- [Task description]:
All entries below must be written out verbatim, and the images must be dropped.

- [Data records]:

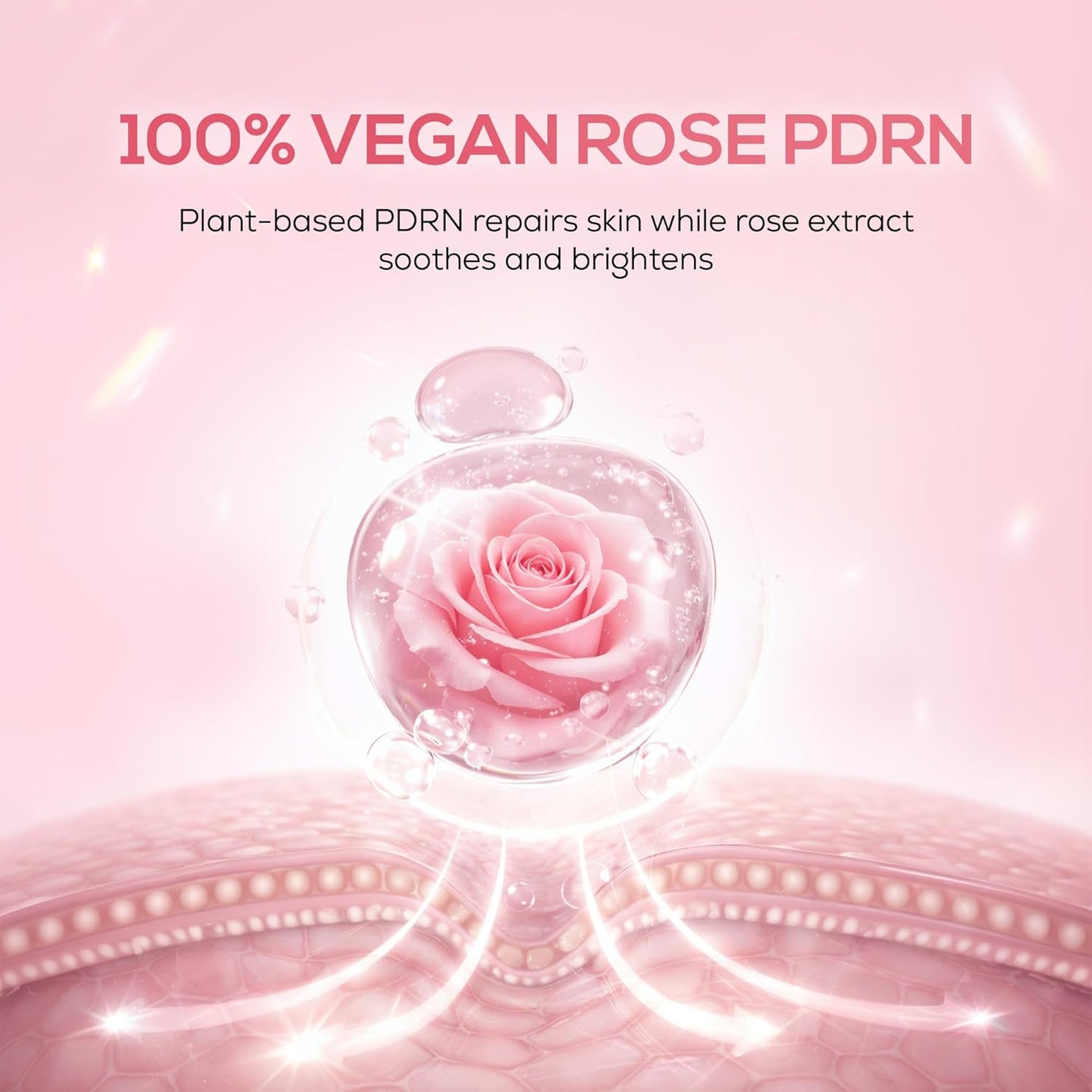 100% Vegan Rose PDRN product with a pink rose and water droplets on a pink background.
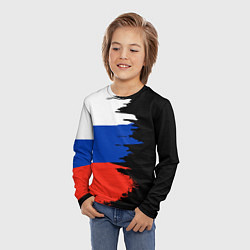 Лонгслив детский Российский триколор на темном фоне, цвет: 3D-принт — фото 2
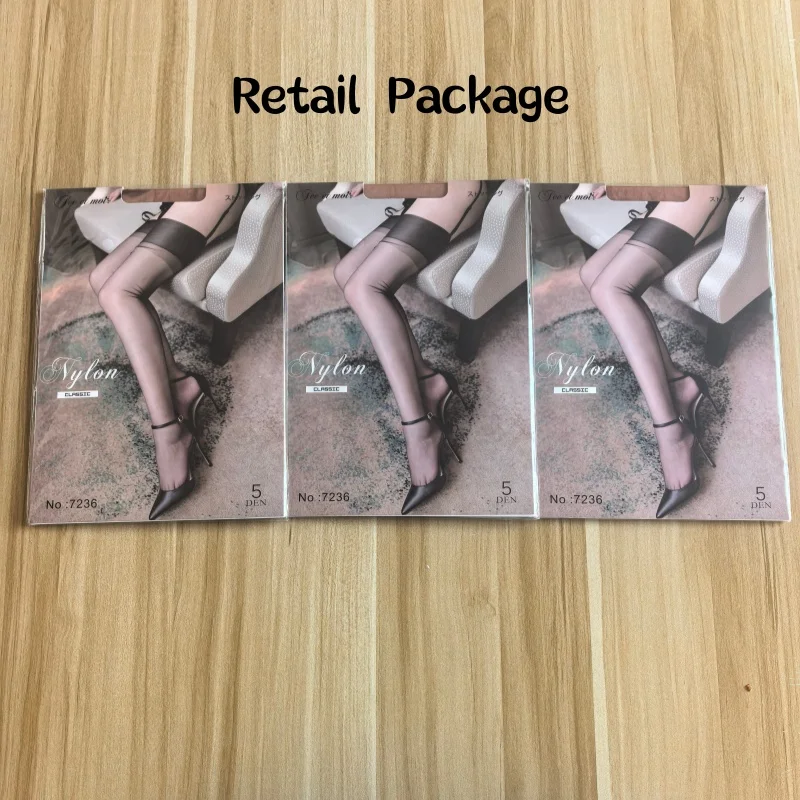 3 Pairs Sexy Transparent Toes Stockings Naked Feeling Thigh High Long Legs Stockings Women Foot Shaped Non-elastic Nylon Hosiery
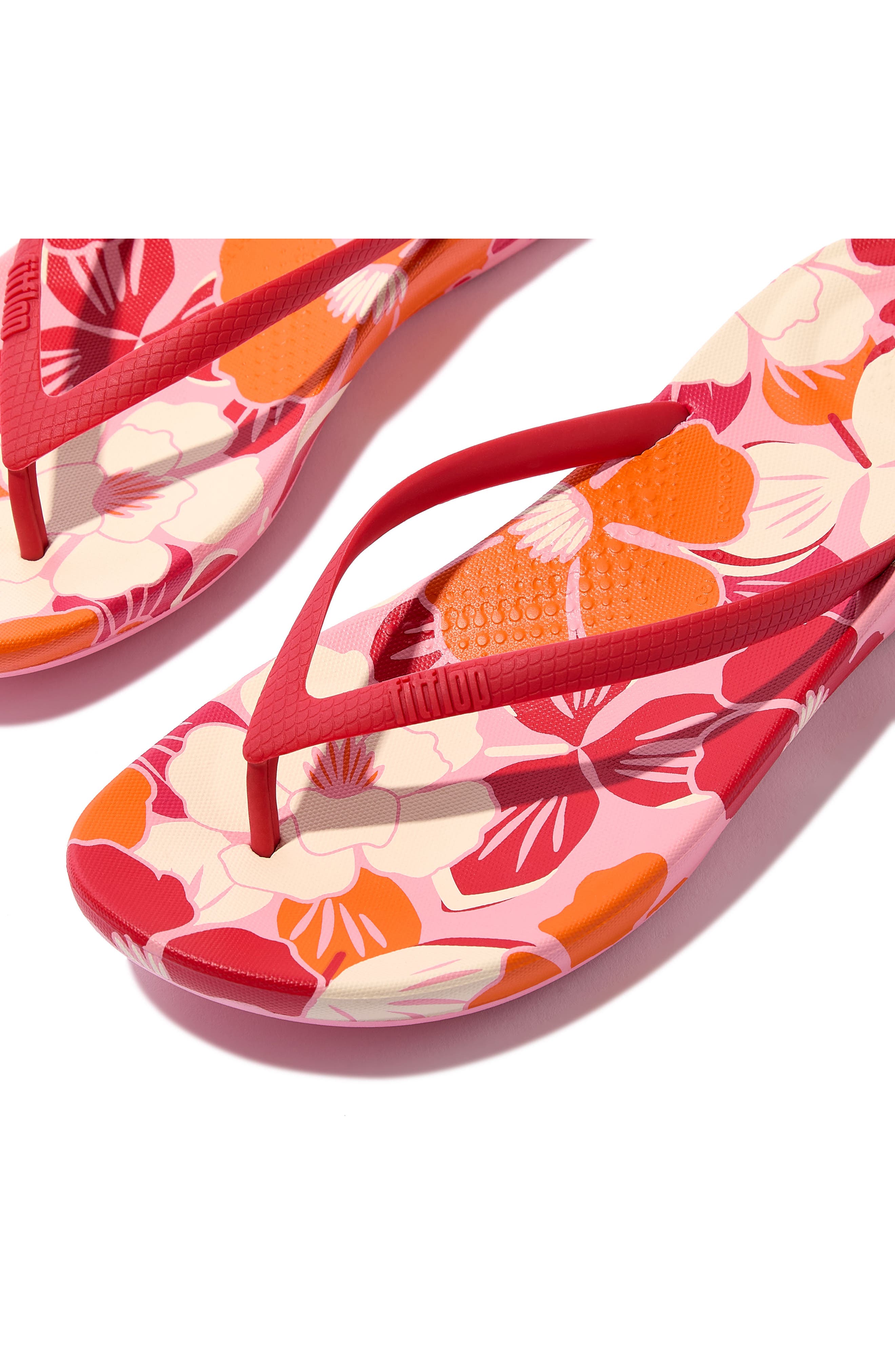 FitFlop iQushion<sup>™</sup> Flowerz Flip Flop, Alternate, color, Redberry Mix
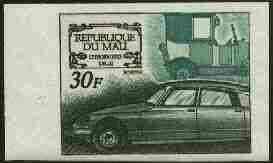 Mali 1969 French Motor Industry 30f (Citroen) IMPERF from limited printing, as SG 189, stamps on cars     citroen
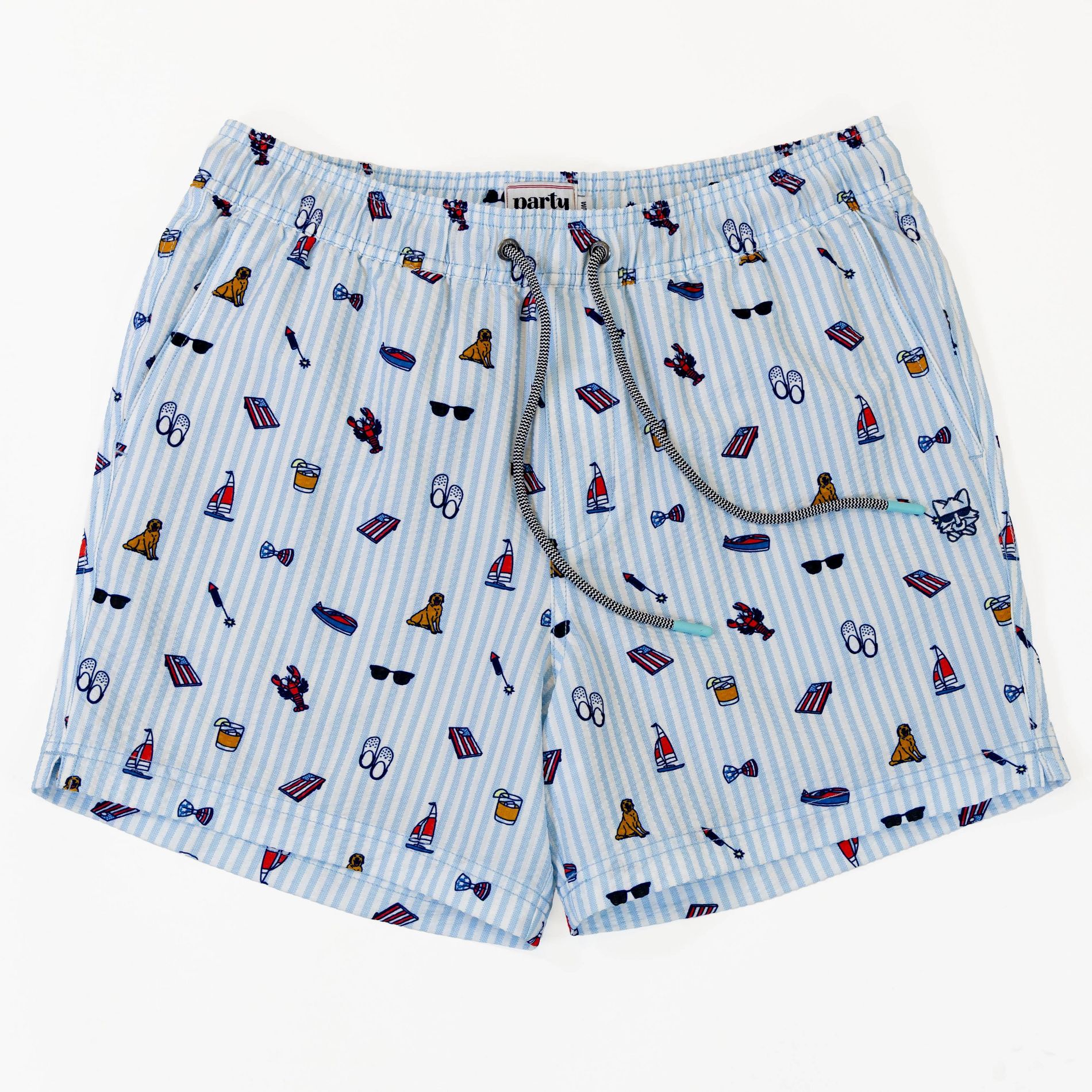 Party Pants Men’s Proper Happy Hour Swim Shorts - Light Blue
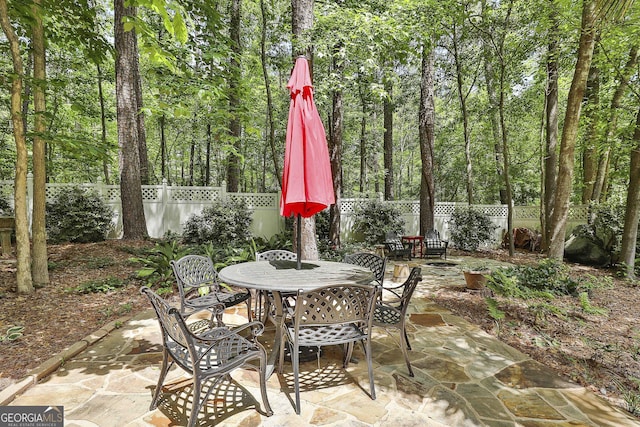 100 Rosemont, Peachtree City, GA 30269 - view of patio featuring a fenced backyard and outdoor dining area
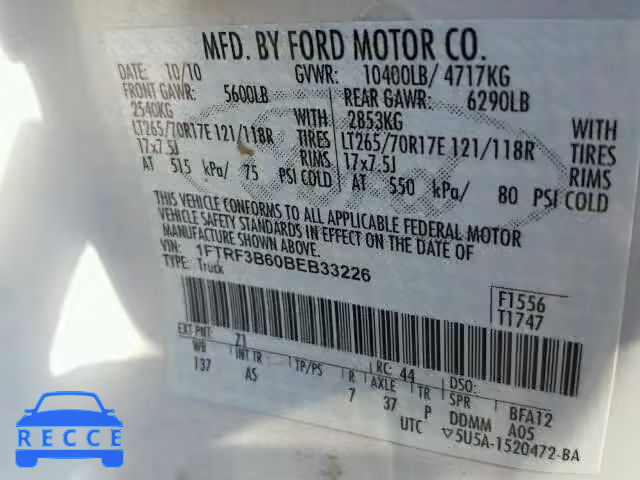 2011 FORD F350 1FTRF3B60BEB33226 image 9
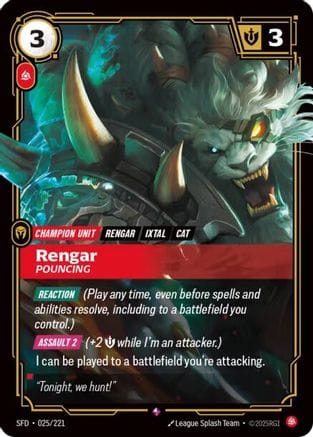 Rengar - Pouncing (025/221) - Spiritforged Foil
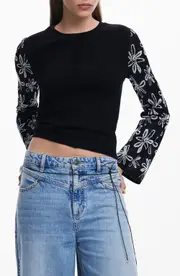 Desigual Floral Jacquard Bell Sleeve Top in Black at Nordstrom, Size Large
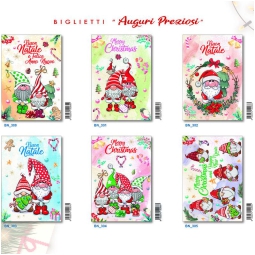 BIGLIETTI XMAS 12X17CM   12PZ GNOMI SOGGETTI ASSORTITI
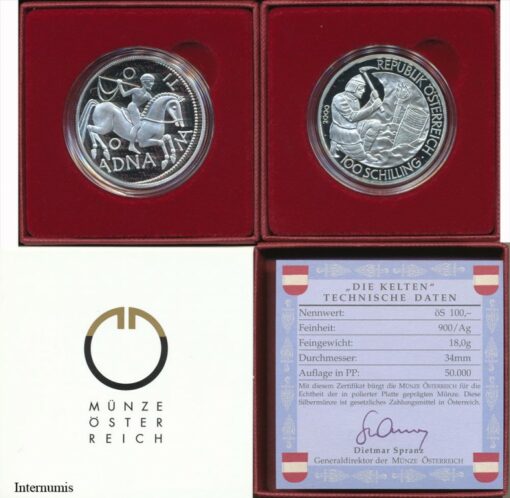 100 Schilling 2000, **Die Kelten**,  Erh. PP, im Original Etui, Zertifikat,Banderole,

- [Answer below]:
 100% Vegan Rose PDRN product with a pink rose and water droplets on a pink background.
 Лонгслив детский Российский триколор на темном фоне, цвет: 3D-принт — фото 2
 3 Pairs Sexy Transparent Toes Stockings Naked Feeling Thigh High Long Legs Stockings Women Foot Shaped Non-elastic Nylon Hosiery
 FitFlop iQushion<sup>™</sup> Flowerz Flip Flop, Alternate, color, Redberry Mix
 Mali 1969 French Motor Industry 30f (Citroen) IMPERF from limited printing, as SG 189, stamps on cars     citroen
 Party Pants Men’s Proper Happy Hour Swim Shorts - Light Blue
 100 Rosemont, Peachtree City, GA 30269 - view of patio featuring a fenced backyard and outdoor dining area
 2011 FORD F350 1FTRF3B60BEB33226 image 9
 Rengar - Pouncing (025/221) - Spiritforged Foil
 Desigual Floral Jacquard Bell Sleeve Top in Black at Nordstrom, Size Large
 BIGLIETTI XMAS 12X17CM   12PZ GNOMI SOGGETTI ASSORTITI
 100 Schilling 2000, **Die Kelten**,  Erh. PP, im Original Etui, Zertifikat,Banderole,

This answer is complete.